ノルウェーでは、当然ですが、「血液型占い」なるものは存在しません。
おそらく、ほとんどのノルウェー人は自分の血液型も知らないでしょう。
・・・・という事実は知っていました。ですが、新聞のインタビューなどを読んでいると、「私はA-menneske/B-mennekseです」といった表現を見かけます。Menneske(メンネスケ)は「人間」という意味なので、「A人間」、「B人間」と訳せます。
これはどういう意味なのか?私は特に調べもせず、日本の血液型占いに倣って「A人間」=真面目、「B人間」=個性的、と勝手に推測していました。

みなさん、ですがこの解釈は間違いです。
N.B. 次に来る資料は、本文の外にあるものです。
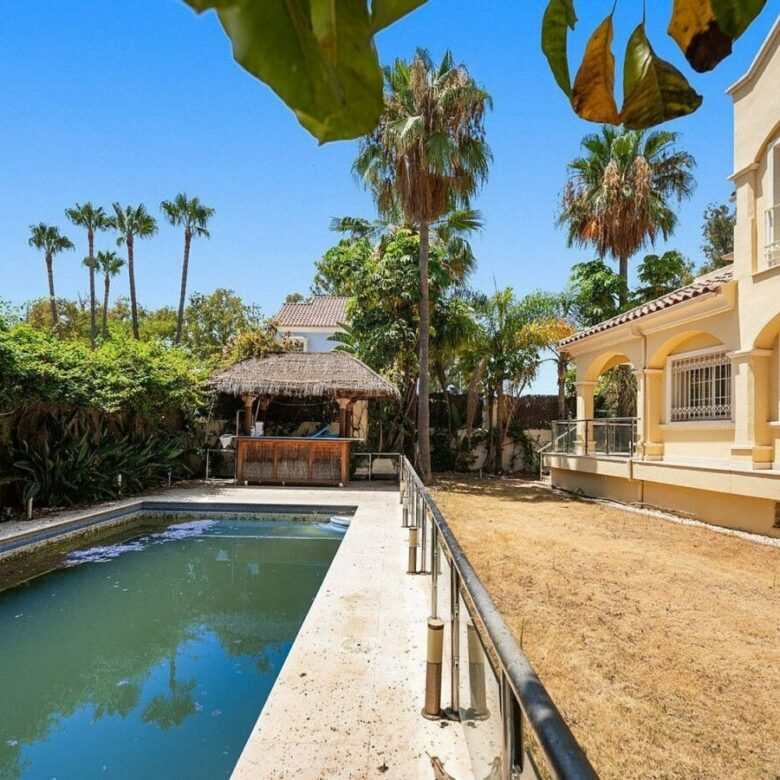 Beachside villa with renovation project Cortijo Blanco San Pedro de Alcantara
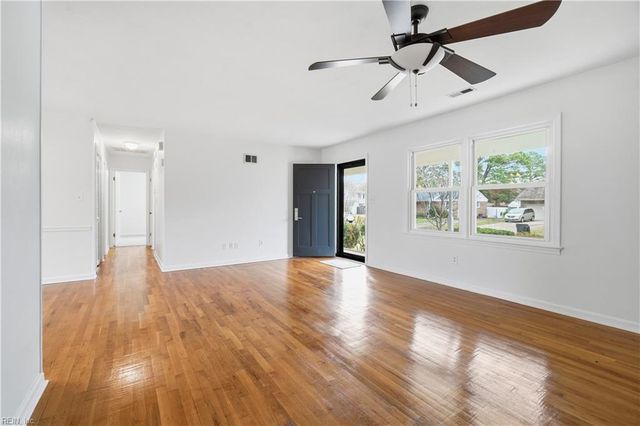 693 Charlecote DR, Virginia Beach, VA 23464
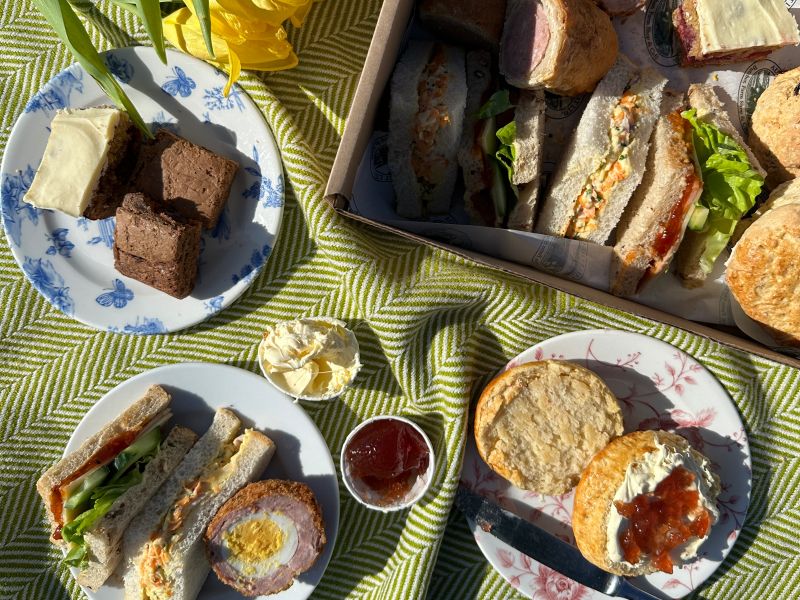 Aune Valley Mother's Day Afternoon Tea Box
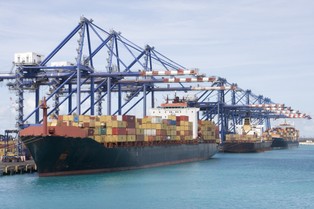 Porty - wąskie gardło transportu surowców. Statki stoją w gigantycznych korkach [MAPA]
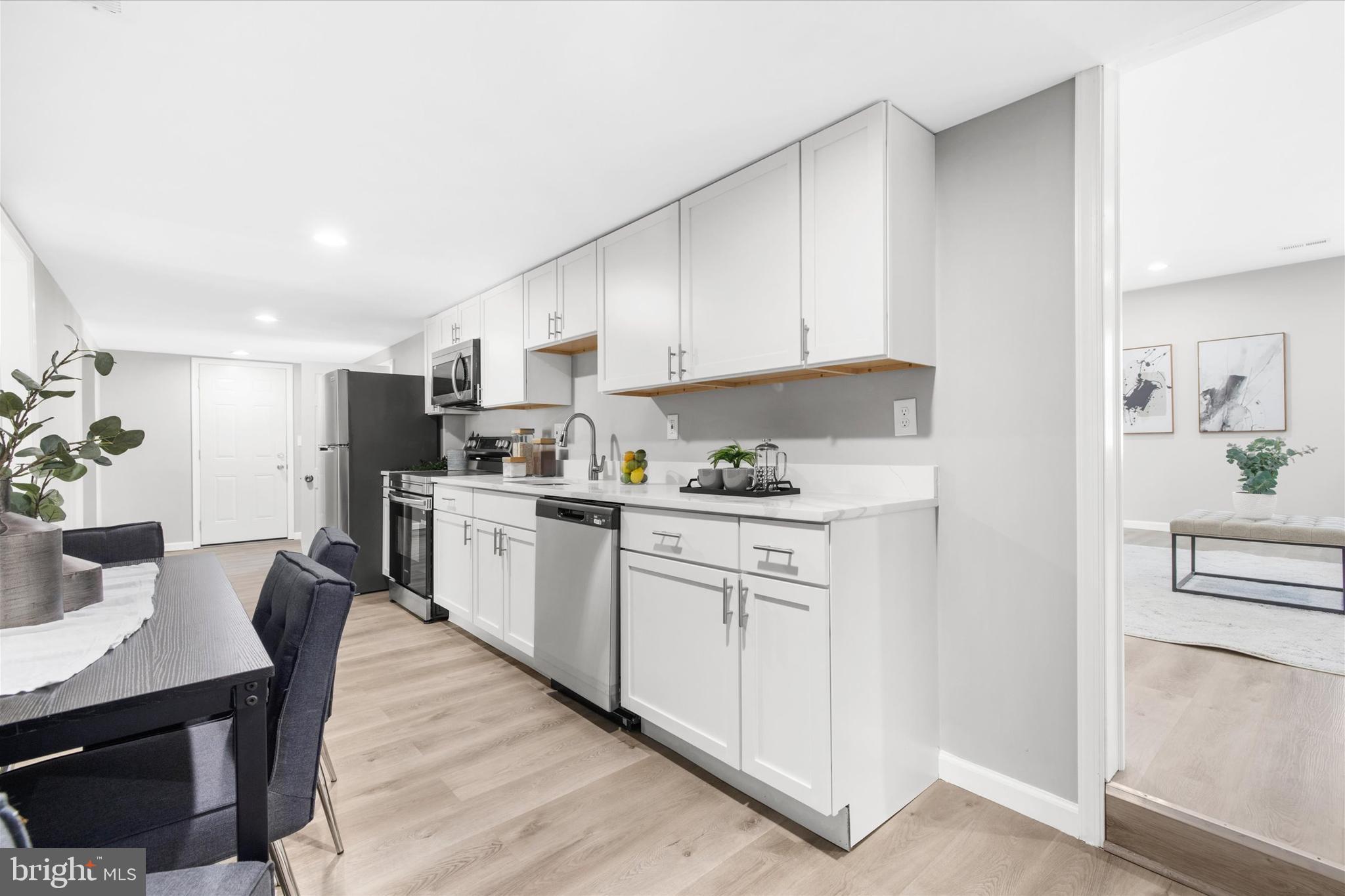 SHADY SIDE - Residential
本当の意味はわかりますか?はい、そこの方!

昼間に働く人
昼間に働く人

簡単に言うと、「A人間」=朝型人間、「B人間」=夜型人間なんです。
何かのきっかけでノルウェー人から本当の意味を聞いた時、「え?そんな意味だったの?なんだ~」って少し肩すかしにあった気分になりました。

たまにはオペラ鑑賞
たまにはオペラ鑑賞

今回の原稿を書くのにあたり、改めて「A人間」、「B人間」について調べたところ、ノルウェー人の約40%は「自分はAまたはB人間」と感じ、残りの60%は「その中間」という調査結果があるそうです。

13時の夕食
13時の夕食

ただノルウェー人のライフスタイルを見ていると、「A人間」でないと日々のサイクルに合わないのでは?と思います。
通常の就業時間は、8時~16時と仕事のスタートは早いですよね。夏になると、勝手に7時くらいに出社して、14時には帰ってしまう強者も。
また、ノルウェーの子どもは伝統的に「早く寝かせる」のが良しとされています。
年配のノルウェー人の友人は、「移民の子どもたちは、あんなに遅くまで起きていて信じられない」と、夜遅い時間のバスで移民の家族連れを見るたびに驚いています。
確かに、昨年、もっと若いノルウェー人の友人宅を訪ねたところ、7歳くらいの子どもは20時には夜食を食べて、寝る準備をしていました(というより、お母さんがさせていました)。

寝心地の良いベッド
寝心地の良いベッド

月~木は頑張って「A人間」で生活した反動が、金と土曜に「B人間」へと変貌するのがノルウェー人なのでしょうね。
金土の夜、パブやバーは大賑わい。そこかしこでホームパーティも催され、とんでもないボリュームの音楽が聞こえてきます。
私が最初に留学していた田舎のカレッジでも、学生寮で19時くらいから軽く食べ物で腹ごしらえ&ビールを飲んで「下地」作り。22時過ぎくらいに、学生クラブに乗り込んで大騒ぎ。帰宅は3,4時といった感じでしたね~。よくサバイバルできたなぁ・・・・と遠い目になります。

大人のパーティでも酒量はすごい!
大人のパーティでも酒量はすごい!

当然、起床はお昼すぎ。日曜の日中はまるでゴーストタウンのようで、道にはビールの空き瓶がごろごろ転がっています。
こういう「平均的」ノルウェー人が「AでもBでもなくて中間」と答えるのでしょうか・・・?

学生寮のパ―ティ
学生寮のパ―ティ

「A人間」「B人間」の関連資料を読んでいると、「年齢による変化」も言及されています。
若い頃から年を重ねるにつれ、B→Aへ変化する、というもので、これは日本人でも同じでしょうね。
オスロの高齢者センターでは、13時に夕食が提供されていて、さすがに驚きました!
「A人間」の極みを見た思いです。